Data extracted from a collection
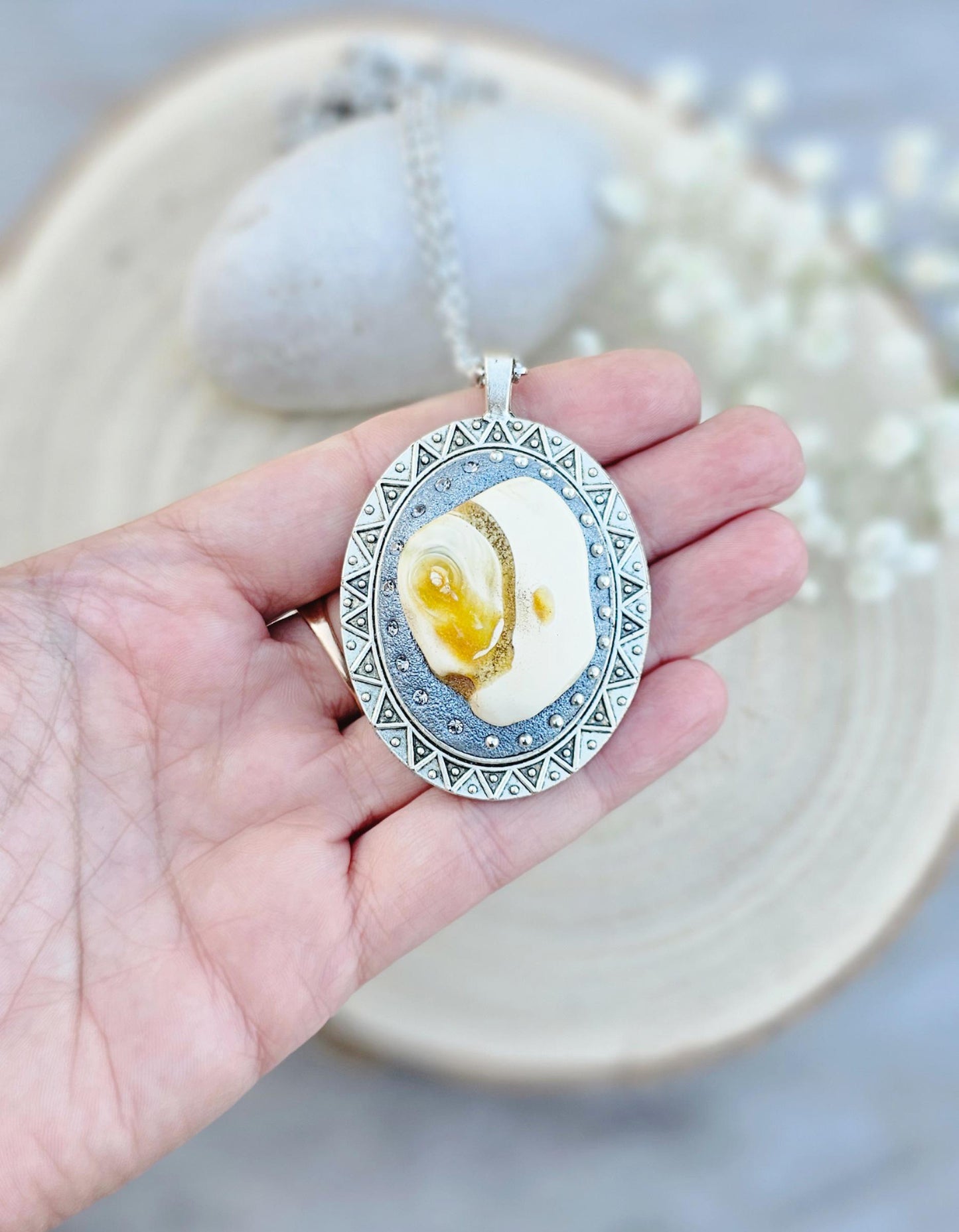 Pendant locket with amber, handmade flowers from polymer clay. On the other side, there is a locket with a heart that opens, inside which you can put a photo or a scent. A great gift for a loved one, or for yourself as a protective amulet.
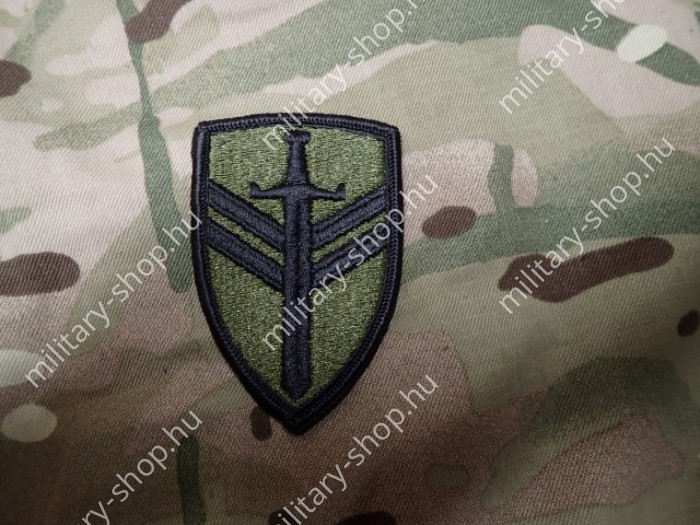 usa u.s.us eredeti katonai felvarrók őrmester sergeant vietnami háború karjelzés felvarró palotaőrség várőrség francia angol nato német usa baret barett lövész ejtőernyős felvarró katonai bolt üzlet army shop store in budapest usa u.s.us eredeti katonai felvarrók őrmester sergeant vietnami háború karjelzés felvarró palotaőrség várőrség francia angol nato német usa baret barett lövész ejtőernyős felvarró katonai bolt üzlet army shop store in budapest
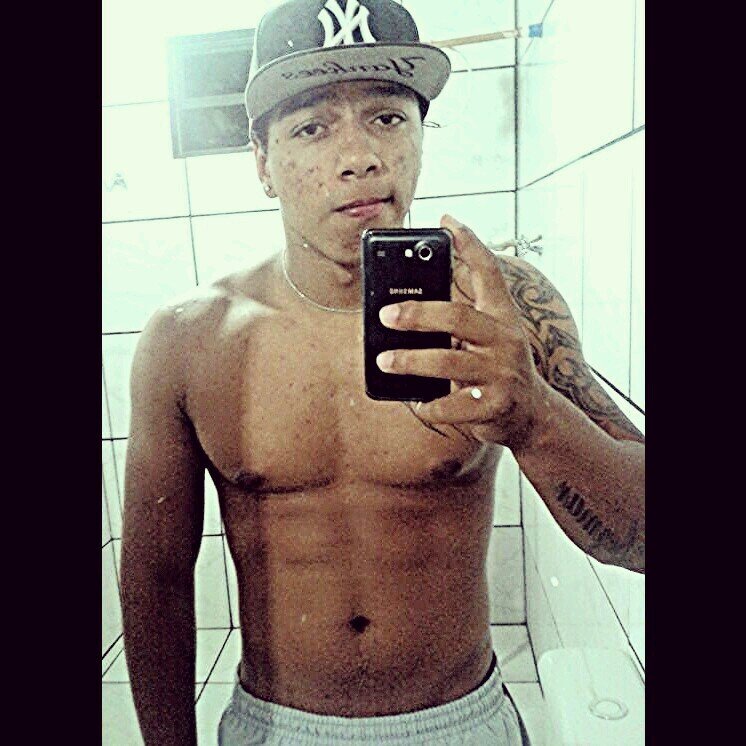 Foco Força e Fé
Não disista porque um Filho da puta falo pra você desisti
Mostre pra ele que você pode!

● Exercise directions
From the data, list each line in which the string "você" appears.

● Solved exercise
Não disista porque um Filho da puta falo pra você desisti
Mostre pra ele que você pode!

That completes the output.